In 2008, some 3.5 million Texans voted for Barack Obama; in 2012, it was 3.3 million. In 2008, 4.4 million voted GOP, and in 2012 it was over 4.5 million. It’s my opinion that the GOP Presidential vote is close to maxed out, so let’s say 4.6 million as a starting point, with 3.5 million as a starting point for the Dems. Perhaps between the newly minted citizens and other efforts, perhaps boosted by Julian Castro on the ticket, Dems van boost themselves to 3.8 or 3.9 million. Let’s be conservative and say 3.8 million.
The big question then becomes, how many Republicans refuse to vote for Trump, and what do they do instead? Sit it out, vote Libertarian or a third party candidate (who will not be Rick Perry) if one can get certified for the ballot by May 9 (good luck with that), or *gag* vote for Hillary? Either of the first two reduces the R total, while the latter also increases the D number. If 400,000 Republicans – about nine percent of their total – skip the race or go third party, and another 200,000 go for Hillary, that gets us to a tie in my scenario. Millennial voters would apparently be likely to flip from R to D if the R is Trump.

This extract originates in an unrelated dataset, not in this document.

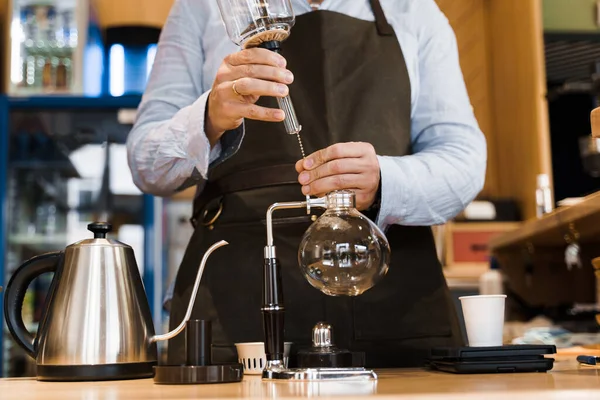 Syphon alternative method of making coffee. Barista prepare device for coffee brewing in cafe. Scandinavian method of coffee making.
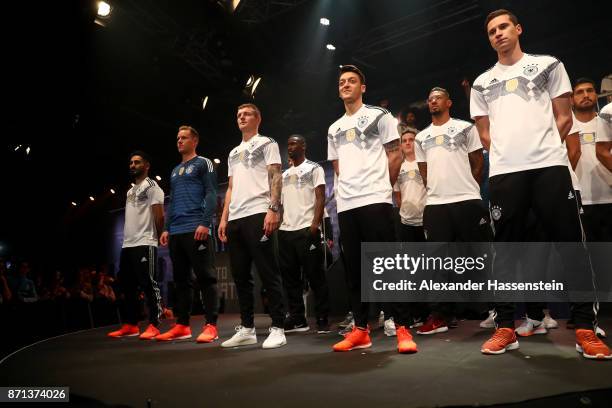 Members of the German national football team gather on the stage at the presentation of the 2018 FIFA World Cup Russia Adidas jersey at The Base on...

How unlikely is my red-to-blue scenario? Probably pretty unlikely. But not impossible! When we finally get some November polling, we’ll see where on the impossible-to-unlikely scale it is. I should note that however you slice it, some number of Republicans would have to sit it out entirely and not just skip the top of the ticket for this to have a coattail effect downballot. The main ingredient to the Democratic legislative success of 2006 was unusually low turnout among Republicans. We’re now moving from “how many angels can dance on the head of a pin” to “are they two-stepping or polkaing” territory, so I’d better quit while I’m ahead. Bottom line is, I’d like to see some November polling, sooner rather than later. It may provide some good entertainment, if nothing else. Martin Longman, ThinkProgress, and Marc Campos, who is way more skeptical than I am of a Trump effect in Texas, have more.
I have two things to say about this.
1. Mormon Republicans in Utah are not the same thing as Ted Cruz-ite Dominionists in Texas. Texas will be the last red state in the nation to go blue, behind either Mississippi or Kansas. It ain’t hap’nin in 2016.
2. UT/TexTrib/YouGov’s early polling — the only outfit likely to poll this early with any decent reputation, sorry Texas Lyceum — has a well-documented diminishing marginal utility comparable to a single sheet of your favorite bathroom tissue … moments before its first pass.
Utah will not vote Hillary over Trump even as flawed as he is. It is so far out, as you guys note that anything is possible. Trump is not a real person of conviction so I expect him to change his tune and run as a centrist in the general.
The consensus is that Trump’s lack of support in Utah (and, to a lesser degree, Idaho and Wyoming) has to do with his views on religious freedom and it being heavily populated by a religious group that is a minority religion on the national level.
Mormons may not necessarily agree with Hillary Clinton on the issues, but at least they can feel safe that she won’t ban their houses of worship, and that’s not something you can feel sure of with Trump.